Individual Vegan Pot Pie made with seasoned tofu, carrots, peas, and potatoes and baked in a flaky pie crust for a delicious cold-weather dinner.
Prepare pie crusts. If you are using store-bought, remove crusts from packaging and let thaw for at least 1 hour before using. This will make the dough more moldable when it's time to top the pot pies.
Heat 1 tbsp of coconut oil in a 10" cast iron skillet. Add tofu and sauté for 5 minutes, stirring often, until lightly brown of all sides. Transfer tofu to a plate and set aside.
Heat the remaining oil and add onions to the skillet. Sauté for 5 minutes until translucent and fragrant.
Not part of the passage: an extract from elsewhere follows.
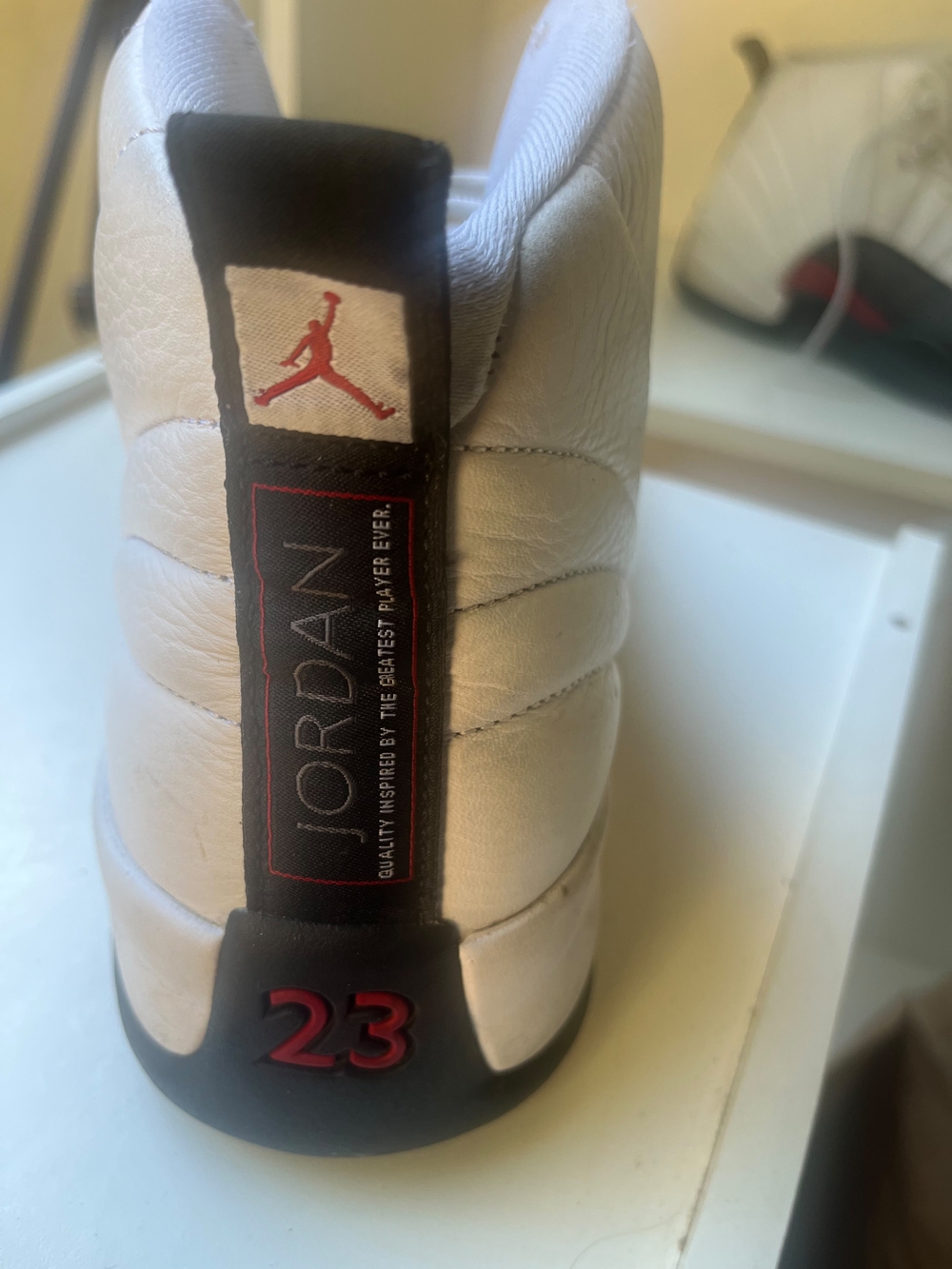 Air Jordan 12 Retro Men’s Basketball Shoes - White/Black/Red Size 11.5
Add potatoes, peas, and carrots and sauté for another 3-4 minutes to thaw the peas and carrots.
Stir in flour to lightly coat the vegetables.
Add vegetable broth, milk, spices, and herbs. Bring to a light simmer and simmer for 20-25 minutes, uncovered, until potatoes are tender and sauce is slightly thickened.
Add tofu to the vegetables and stir to combine.
Divide evenly between 6 ramekins (if using). Cut pie crust into 6 even circles slightly bigger than the ramekins and lay on top of each ramekin, pressing down around the edges to seal. Cut 2 (1") slits in the tops of each pot pie and bake 20-25 minutes until lightly browned and liquid is bubbling from the tops.
Remove from oven and let cool 10 minutes before serving.
If using a cast iron skillet, combine the pie dough together and place on top of cooked vegetables and tofu, sealing down the sides. Cut 4 (1") slits on the top and bake until crust is brown and liquid is boiling up through the slits and sides.